Красное колесо. Узел 3. Март Семнадцатого. Книга 4. Александр Солженицын
из Петрограда, ни какого-либо объяснения так и не пришло.
Вот приезжал Николай Николаевич – и неотвратимо было сегодня встречать его, и разговаривать с ним, и делать полный вид вступления в Главнокомандование? – опять мучаясь обманом и в тоске ожидая, как бы это решилось помимо наштаверха.
Встречать? Но, зная, что великого князя через несколько часов отрешат от должности, – нельзя же было встречать его на вокзале полным составом штаба! Но и: пока он оставался у должности, нельзя было и не встретить его почётно.
Эту безвыходность Алексеев разрешил так: набрал для встречи несколько генералов не у дел, оказавшихся в Могилёве даже и случайно. Конечно и Лукомский с Клембовским. И так получилась вполне почётная встреча, и тёплая, и вместе с тем частная. Мог подумать Николай Николаевич, что Алексеев не хотел отрывать штабных от работы.
Так ли понял великий князь или просто был в сверхвеликолепном настроении, но укор не промелькнул на его красивом долгом лице. Великодушие было в его первом окрестном взгляде на этот вокзал, полтора года назад покинутый при таких униженных обстоятельствах, и в рукопожатиях его длинной быстрой руки.
Он был в кавказской форме, при своём высоченном росте очень грозный в ней.
Да, он был в рост со своею армией и с долготою её линии фронта! Да, он был счастлив вернуться наконец на своё настоящее место, к своим настоящим обязанностям!
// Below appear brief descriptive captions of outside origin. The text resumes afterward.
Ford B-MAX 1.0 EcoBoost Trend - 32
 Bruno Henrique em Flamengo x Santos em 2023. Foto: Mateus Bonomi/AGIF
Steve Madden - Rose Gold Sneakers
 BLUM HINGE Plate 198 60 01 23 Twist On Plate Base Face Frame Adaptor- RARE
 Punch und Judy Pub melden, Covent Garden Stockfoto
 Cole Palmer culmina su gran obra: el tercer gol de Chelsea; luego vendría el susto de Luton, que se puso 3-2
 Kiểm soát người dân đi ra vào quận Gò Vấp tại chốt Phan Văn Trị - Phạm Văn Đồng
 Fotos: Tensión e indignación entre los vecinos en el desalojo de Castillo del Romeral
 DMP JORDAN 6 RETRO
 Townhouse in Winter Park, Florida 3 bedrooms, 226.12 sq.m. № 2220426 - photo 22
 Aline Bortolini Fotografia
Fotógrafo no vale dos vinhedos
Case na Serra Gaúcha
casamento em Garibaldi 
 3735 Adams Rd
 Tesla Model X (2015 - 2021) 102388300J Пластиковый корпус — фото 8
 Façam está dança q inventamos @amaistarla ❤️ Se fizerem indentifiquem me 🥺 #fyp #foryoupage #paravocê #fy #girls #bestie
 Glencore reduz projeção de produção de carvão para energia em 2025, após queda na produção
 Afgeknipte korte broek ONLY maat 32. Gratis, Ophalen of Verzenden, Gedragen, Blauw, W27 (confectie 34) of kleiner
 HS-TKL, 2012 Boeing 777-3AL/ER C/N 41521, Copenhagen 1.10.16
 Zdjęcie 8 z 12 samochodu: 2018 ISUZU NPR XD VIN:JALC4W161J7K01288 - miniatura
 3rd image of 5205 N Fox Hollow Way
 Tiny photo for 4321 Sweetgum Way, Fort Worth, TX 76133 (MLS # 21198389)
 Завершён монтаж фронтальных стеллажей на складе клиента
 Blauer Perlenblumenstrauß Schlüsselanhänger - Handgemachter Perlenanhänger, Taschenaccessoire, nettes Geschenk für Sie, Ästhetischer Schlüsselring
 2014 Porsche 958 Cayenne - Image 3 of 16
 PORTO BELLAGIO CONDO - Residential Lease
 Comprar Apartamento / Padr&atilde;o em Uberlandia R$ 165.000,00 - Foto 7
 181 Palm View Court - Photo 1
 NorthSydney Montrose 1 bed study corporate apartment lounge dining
Не сам он, но князь Орлов, но адъютанты рассказывали встречавшим, что весь переезд от Тифлиса до Могилёва был сплошной овацией великому князю. На Дону казаки долго скакали вровень с поездом. В Харькове подносили хлеб-соль рабочие, даже совет депутатов.
Великий князь приехал командовать – с полномочиями, с надеждами и любовью всей России.
И как бы хорошо! И пусть бы!
В открытом автомобиле, рядом с Алексеевым, хозяйски поглядывал на Могилёв.
Приехали в здание генерал-квартирмейстерской части – сказал великий князь, что не желает даже отдохнуть с дороги. Не имеет необходимости осматривать и апартаменты свои в соседнем доме, после Государя, всё это устроится без него, – а он желает немедленно приступить к деятельности!
Надеялся Алексеев ещё несколько часов потянуть, а там приспеет отрешительное письмо, – нет, к деятельности!
Что ж, сказать самому? Невозможно, как через сердце собственное перевалиться. Будешь какой-то интриган, подсидчик. А великий князь так горячо, требовательно, проницательно смотрит.
Ну что ж, если к деятельности, то сразу в государеву комнату, где Государю делались ежедневные доклады. (И так удержать великого князя от обхода всех помещений Ставки, что, кажется, с удовольствием он сейчас бы предпринял.)
А пришли в государеву комнату, где Государь бывал и тих, и невелик, – Николай Николаевич сильно задвигался, не помещался в кресле, обхаживая стол, откидывал венские стулья, устремлялся то к одной картовой стойке, то к другой, – выпирал из этого малого пространства.